I have had great luck calibrating my lenses with FoCal and I use a much shorter focusing distance. For 500mm I shoot from 13m instead of 50xfocal length which is 25m. Basically I calibrated all my lenses using 25xfocal length which I found to produce much more accurate and repeatable results. Then I did real world testing in the field and shot the target at longer distances and it was still spot on. By getting closer you will reduce your DOF dramatically and give the program more pixels on the target for software evaluation. 

This is how I have done it for a couple of years now, and with the last version of FoCal they released this info: 
http://s449182328.websitehome.co.uk/focal/dl//Docs/FoCal%20Test%20Distance_1.1.pdf

This PDF describes minimum focusing distances recommended by the software. This tends to agree with my personal findings of using this software. Just keep in mind that as your subject moves away from the camera the AFMA point for that shooting distance will change slightly. 

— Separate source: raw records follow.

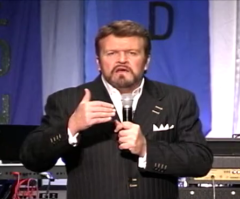 Was Rabbi Ralph Messer Called in to Re-Establish a Struggling Eddie Long?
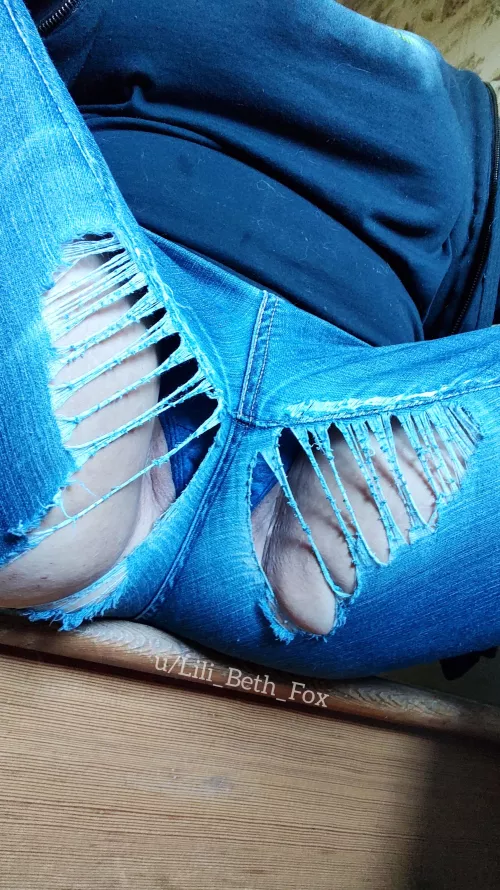 I don't know how much longer they can hold it together... 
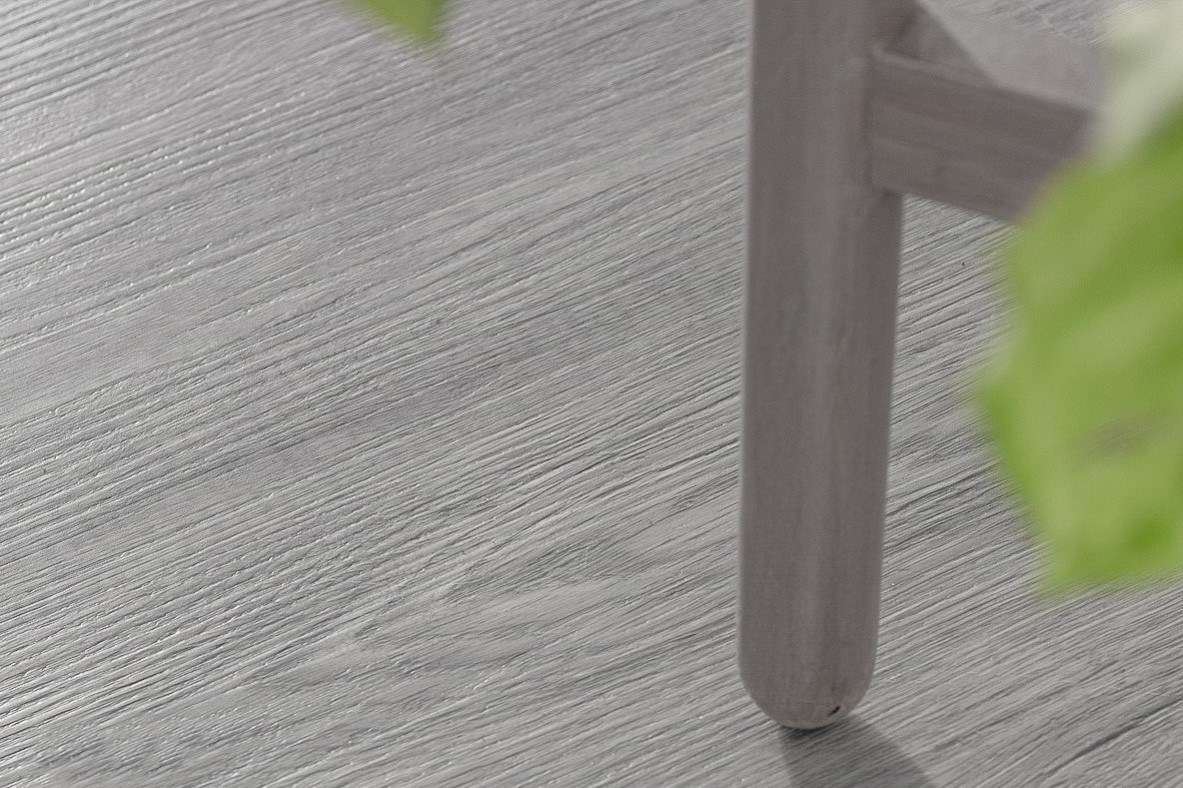 Кварцвиниловая плитка Vinilam клеевая Glue Дуб Эрдинг 6231 1228×188×2,5 фото в интерьере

The way that I look at it: As subjects are farther away from you, DOF increases and absorbs some of that AFMA variance. If subjects are close then it is absolutely critical that your AFMA is dead on as DOF is very small. Therefore I calibrate at much closer distances then 50x focal length and achieved excellent results. I don't change my AFMA at all while in the field... don't have to.


----------



## serendipidy (Jun 25, 2013)

Drizzt321 said:


> neuroanatomist said:
> 
> 
> > The standard target works fine at 50x focal length (I test at 25x and 50x). I use a set of three 150 W-equivalent gooseneck lamps for a target taped to a wall in my basement, where I can test up to a 300mm lens.
> ...



Maybe it's not the size but the shape?

600mm X 50= about 100 feet
so a rectangular house that is average 2000 sq ft might be 100' X 20' and be perfect for FoCal and 600mm lens calibrations ;D


----------



## Mt Spokane Photography (Jun 26, 2013)

gbchriste said:


> I bought the FoCal software package but haven't tried it out yet. The user guides say to set up the target at 50X the focal length you are trying to calculate.
> 
> I'm having real problems with me 70-200 2.8L when shooting at 200mm and longer distance. I shoot mainly people/portraits and when I try to do a full body standing shot at 200mm I have to be backed up quite a ways. Lately every shot I've taken in that set up comes out a muddled, mushy mess. I have this lens for 3 years and now on my 3rd body (a 5D III) and this behavior has only recently started.
> 
> ...


 
If you are having problems with target size, print a large one, 20 X 30 or something like that. Just measure the distance of the bar on the chart in mm, and put that number into FoCal, and it will then recognize the distance to target correctly.


----------